General Government Debt
updated: 28. 05. 2010
The tables below contain data on the general government debt in accordance with the so-called Maastricht debt methodology. The Maastricht debt is defined as a debt determined for the purposes of the excessive deficit procedure (EDP). Its ratio to GDP represents one of the Maastricht criteria (up to 60%) applied to evaluate the quality of public finance in EU Member States. According to ESA95 manual on government deficit and debt, the Maastricht debt is defined as follows:
The Maastricht debt means total gross debt at nominal value outstanding at the end of the year or end of the quarter, and consolidated between and within the sectors of general government based on deposits, securities other than shares (excluding financial derivatives) and loans, but definitely excluding liabilities from outstanding interest. Loans also include imputed loans equalling the value of assets acquired under financial leasing.
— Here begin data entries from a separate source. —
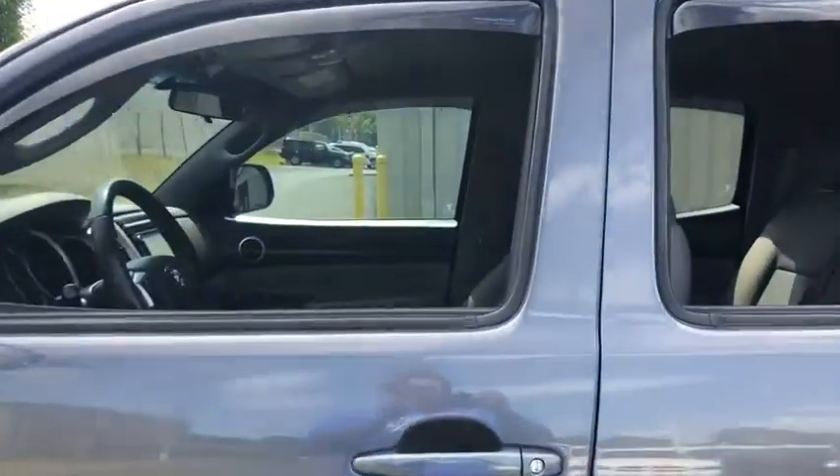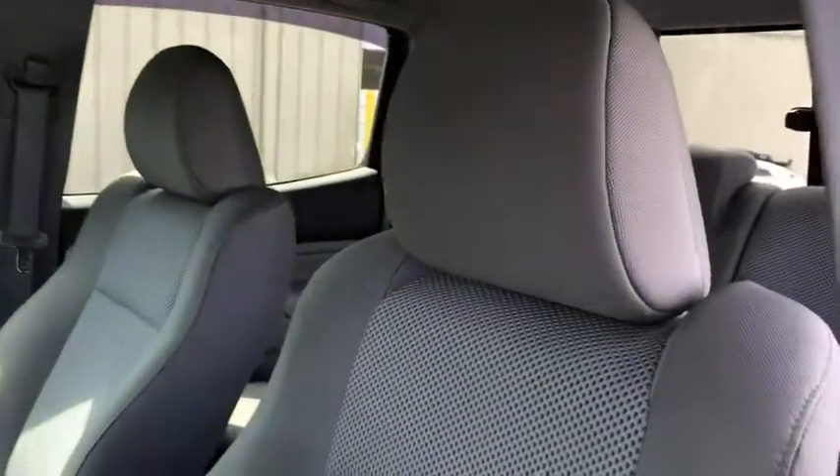This vehicle has less than 85,000 miles. Here are some of this vehicle's great options.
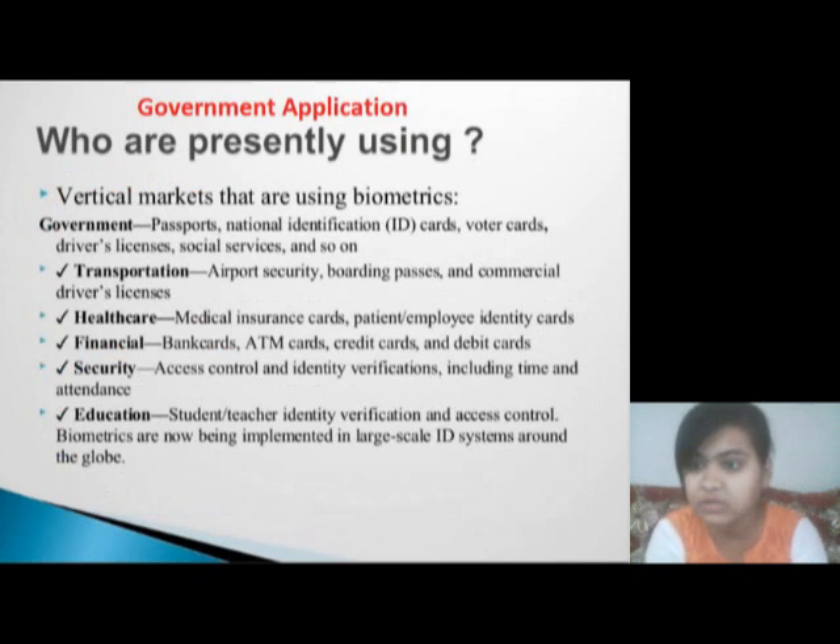Government application: vertical markets using biometrics include government — passport, national identification, ID cards, voter cards, driver's license, social services, and so on. Transportation: airport security, boarding passes, and commercial driver's license. Healthcare: medical insurance cards, patient and employee identity cards. Financial: bank cards, ATM cards, credit cards, and debit cards. Security: access control and identity verification including time and attendance.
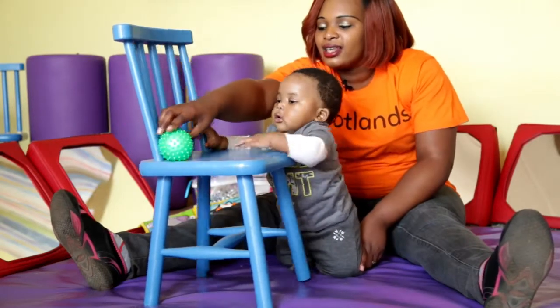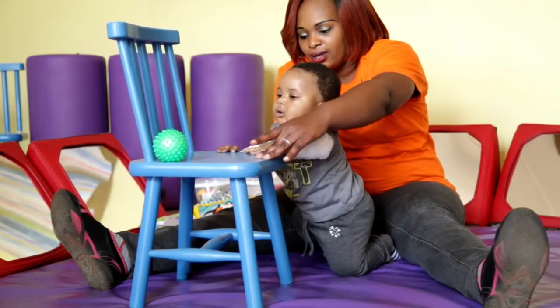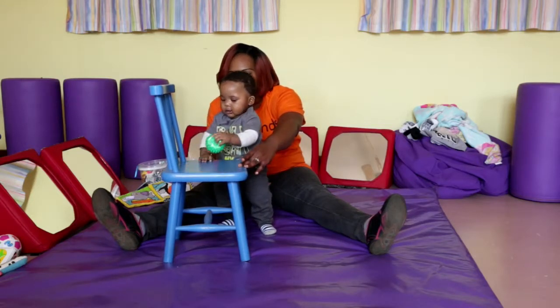Now here's the item and then the baby must — yes, yes, yes, yay — good boy.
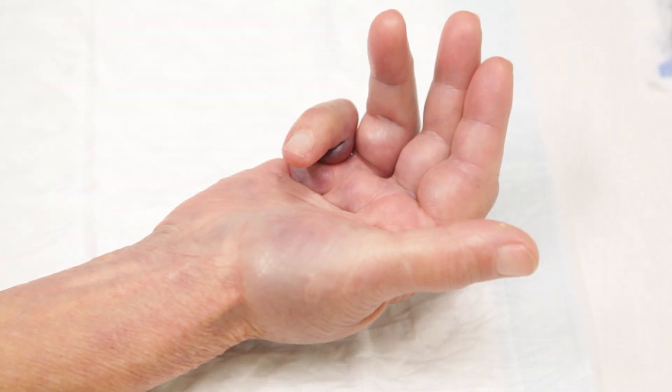Dupuytren's disease is a common benign painless condition. It affects the tissue in the palm of the hand which thickens and can result in contracture of the fingers, mostly the little and ring fingers.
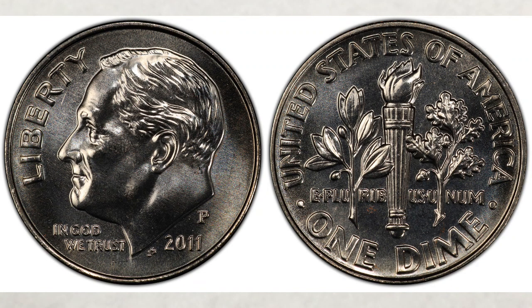Would you ever expect the 2011 dimes to be worth good money? Well, they're worth hundreds, and since they are newer dimes you can easily find them. We will talk about them right after this.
Nominal value equals the amount agreed upon in contracts, which the general government will have to pay to creditors on the due date. For liabilities denominated in a foreign currency, the value is converted into the Slovak currency using the exchange rate of the National Bank of Slovakia (NBS) valid on the date as of which the financial statements are compiled.
The general government sector comprises all public non-market institutional (accounting) units. In the Slovak economy, the following institutional units presently constitute the general government sector: central authorities funded from the national budget, and the purpose-specific state funds, the National Property Fund of the Slovak Republic, the Slovak Land Fund, Slovak Consolidation Bank (Slovenská konsolidačná a.s.), public universities, Health Care Surveillance Authority, The Nation's Memory Institute, Slovak National Centre for Human Rights, Slovak Television, Slovak Radio, Radio and Television Licence Fee Company (Rozhlasová a televízna spoločnosť), Audit Surveillance Authority (Úrad pre dohľad nad výkonom auditu), Social Insurance Company, health insurance companies, subsidised organisations with less than 50% of their production costs covered by sales, self-governing regions and their organisations funded from their budgets, and municipalities and organisations funded from their budgets.
Consolidation – for the purposes of the general government debt definition, this term denotes the exclusion of liabilities and reciprocal claims between the units of the general government sector.
The standard presentation of the debt amount also entails the total debt structuring by debt instruments (loans, bonds), time (short-term, long-term), residents (domestic, foreign creditors) and currency (SKK, USD, EUR, JPY).